The spacecraft will use specially designed T6 ion thrusters that will allow the ESA to study our galaxy’s innermost planet over a mission duration of nearly seven years. Two orbiters from the ESA and the Japanese Space Agency (JAXA) deployed by BepiColombo will also be able to analyze the surface of the planet for one Earth year.
The logistics of the lengthy trip would not be possible without ion thruster technology, which Patterson has been developing for years as the design engineer for NASA’s Deep Space 1 Dawn mission and the principle investigator on NASA’s Evolutionary Xenon Thruster (NEXT) propulsion system. He says the tech offers much higher fuel efficiency, the ability to go on longer missions (like the one being undertaken by BepiColombo), and a less cost prohibitive take-off procedure.

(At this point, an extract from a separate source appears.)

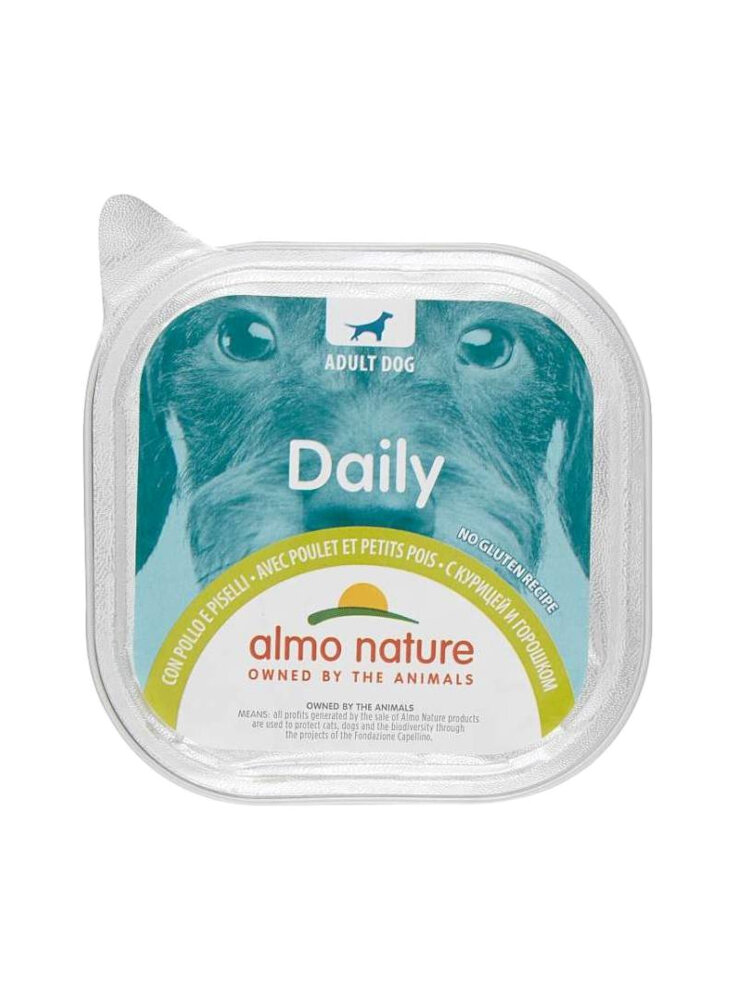 PFC DOG DAILY Pollo e Piselli 300 g (231)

Currently, he says, 50 percent of a rocket’s mass is dedicated to chemical propellants.
“[With typical rocket thrusters] you’re spending half of your launch vehicle (mass) just to put propellent in space to be able to push whatever it is you want to push to the next location,” says Patterson. “By eliminating that chemical propulsion system aboard the spacecraft and putting in electric propulsion, you can change that number down dramatically to maybe 10, 15, or 20 percent of the overall mass.”
Gridded electrostatic ion thrusters, like the T6, utilize xenon gas as a propellant. ESA propulsion engineer Neil Wallace said in a release that, assuming the “same mass of propellant,” T6 thrusters can even accelerate to a speed “15 times greater than a conventional chemical thruster.”

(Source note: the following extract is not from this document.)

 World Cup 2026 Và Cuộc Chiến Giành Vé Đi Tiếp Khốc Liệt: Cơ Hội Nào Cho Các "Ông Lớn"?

Coming up with cost efficient ways to launch rockets has, of course, been the focus of SpaceX, as the Elon Musk-founded company recently demonstrated it could reuse rockets and land them on drones in the ocean.
However, ion propulsion, which will be a boon to space exploration fuel costs, has progressed at “glacial” speeds, Patterson points out.
“The application rate of the technology by NASA and by the European Space Agency is at a pretty low pace,” he says. “If we’re talking about consumer electronics, between concept and application, it takes nine to 12 months. The next ion propulsion systems, which are replacing the engines I built and tested 15 years ago this month; we’re talking about the earliest application of it happening in 2021.”
NASA, this week, did award the California-based company Aerojet Rocketdyne a $67 million, 36-month contract to develop solar powered ion engines, which could extend mission life even longer than the highly efficient fuel powered ion engines aboard the BepiColombo.
For now, the T6 ion thrusters powering EAS’s BepiColombo trip, along with some help from solar-electric and chemical propellant thrusters, will be resourceful enough to steer the spacecraft for the entire seven-year mission, whereas scientists, in the past, have had to to rely on the slingshot method using a planet’s gravitational pull — The Martian style.
EAS’s mission is fast approaching and the agency just completed testing of the new T6 thrusters, which are the larger brother to the T5, this week. Patterson says NASA will also implement several ion-thruster based missions in the 2020s.
Patterson says NASA has already done orbital surveillance of all the “relatively easy” objects with chemical propulsion, but it will need ion systems to get to the higher value targets, such as smaller, farther reaching moons and asteroids that are harder to orbit without the steady corrective abilities of an ion thruster.
“Now, you’re getting to more interesting science like entering the orbits of the moons of Saturn or Jupiter or Mars and doing intriguing science where there’s potential for testing life elsewhere,” Patterson says. “Those are scientifically high value objectives but they are really hard to do from a propulsion standpoint.”